- Anime release poster
- Directed by: Barry Cook Studio 4°C
- Produced by: Barry Cook Studio 4°C
- Production companies: Studio 4°C The JESUS Film Project
- Distributed by: The Jesus Film Project Campus Crusade for Christ
- Release date: April 12, 2011;
- Running time: 9:14 minutes
- Countries: Japan; United States;

= My Last Day (film) =

My Last Day (Japanese: 私の最後の日, Hepburn: Watashi no Saigo no Hi) is a 2011 Christian anime short film created by The Jesus Film Project, with Barry Cook and STUDIO4°C. The story unfolds through the eyes of a criminal who receives the same crucifixion sentence as Jesus Christ. This is a short film of regret, repentance and redemption. The film is available in several different languages.

==Plot==

A screenshot from the short film featuring Jesus in the Temple of Jerusalem

The film begins with a prisoner watching from the prison bars as Jesus gets flogged in Pilate's courtyard. He remembers Jesus' teaching about "giving to Caesar the things that are Caesar's and to God the things that are God's." and wonders why they are hurting an innocent man. Saddened, he remembers his own crime: he cornered a rich man in an alley and attempted to rob him. Holding him up with a knife, the thief tries to take a box of coins and belongings. The thief is nervous so when he tries to go after the man, he fumbles. The man fights him with the box, sending coins across the ground. The thief stabs the man in the struggle. He steals the coins and runs off. The flashback ends. He then breaks down in tears, aggrieved at seeing someone innocent suffer an even more brutal punishment as a criminal than himself.

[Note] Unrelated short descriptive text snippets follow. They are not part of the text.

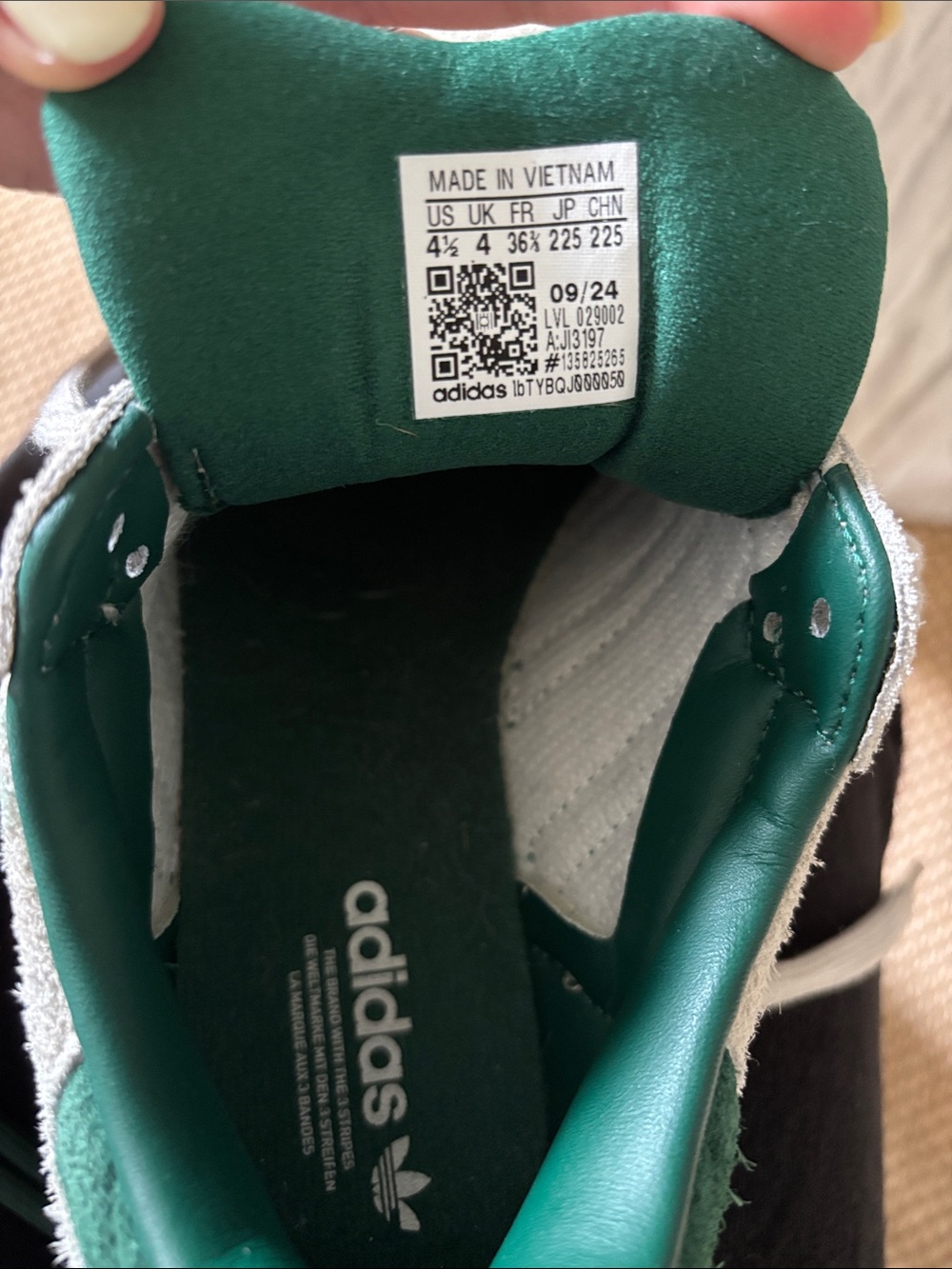 adidas Samba XLG Athletic Shoe - Putty Grey / Collegiate Green / Gum - Picture 6 of 6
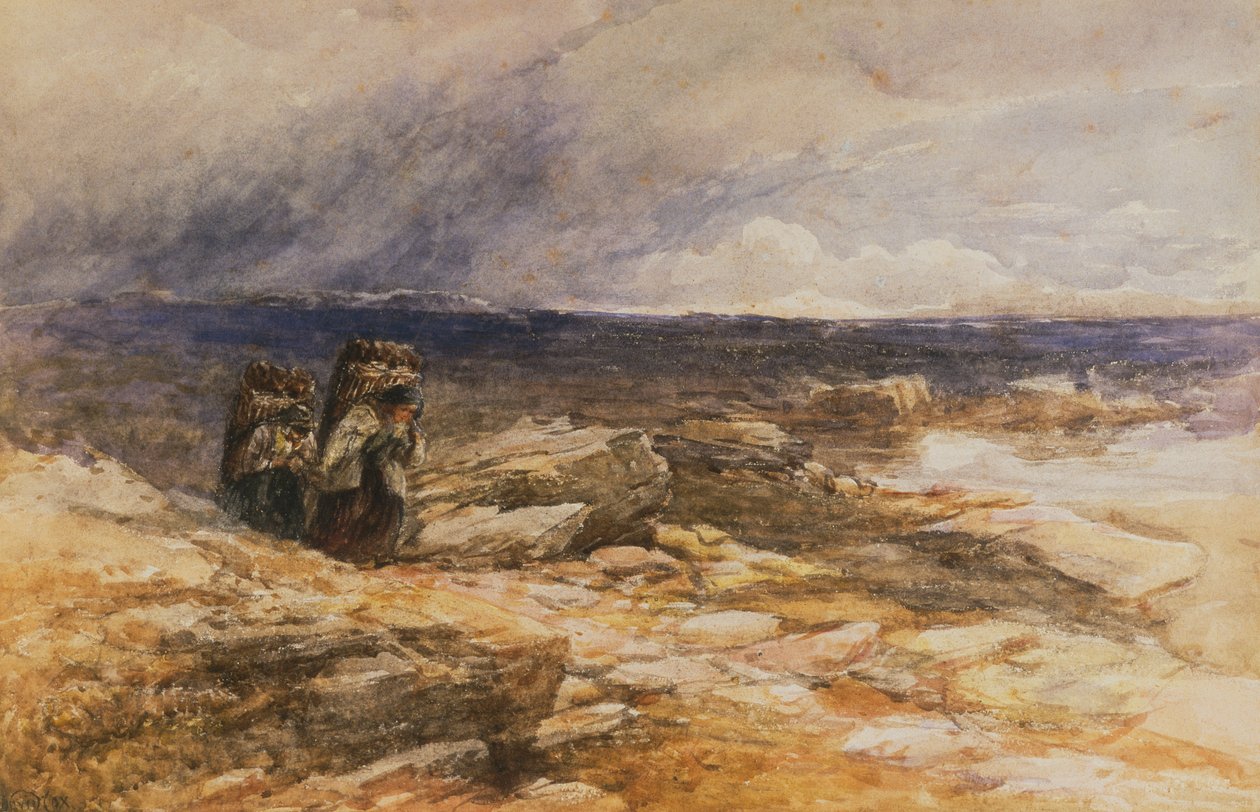 The Peat Gatherers nær Bettws-Y-Coed, Nord-Wales (akvarell) av David Cox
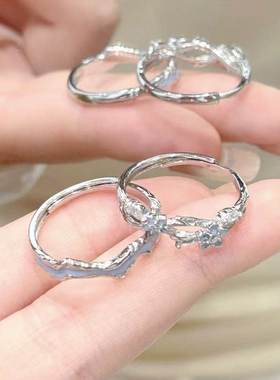 浪漫花枝情侣对戒荧光花语连理枝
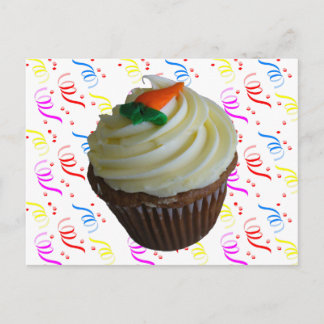 Carrot Cake Cupcake with Confetti Postcard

Most people in the crowds in the courtyard scream for Jesus to be crucified. The thief, another man (who is also a thief) and Jesus are loaded with the beams for their crosses and march to Golgotha. As they make their way there, the thief looks curiously to the crowds, some of whom scream that Jesus is innocent.

They finally arrive at Golgotha and are removed of their robes. The centurion guards decide to play for Jesus'. Now topless, nails are driven through their wrists, painfully securing them to the patibulum. Each man is then hung on his cross due to a large, deep square-shaped groove carved into the stipes and their feet are nailed to a wooden sedile. They hang in agony. Like the crowd, the other thief demands that Jesus save Himself and them. But our thief rebukes the statement, claiming that they are receiving the same punishment that Jesus is, even though He has done no wrong. The thief then asks that Jesus remember him when he comes as king. Jesus tells him that today they will be in paradise together. A while later, a dark storm overwhelms the hill and, after commending his spirit to God, Jesus dies. A Roman soldier then pierces Jesus' side with his spear causing blood and water to erupt from the wound.

Afterwards, the thief has his ankles broken. He gasps in pain, after that he then hangs his head down and dies. He then sees a whole and undamaged and fully healed Jesus (who greets him by reciting John 11:25) in a beautiful place which is, just as Jesus promised, Paradise.

==Reception==
Amanda Lago from GMA News Online of the Philippines gave the film a positive review, praising the animation and cinematography, stating there was "a tendency for tight shots—a zoom-in on the eyes of the characters to show pain and regret, and a close-up of a nail being pounded into flesh to highlight the sheer brutality of the crucifixion."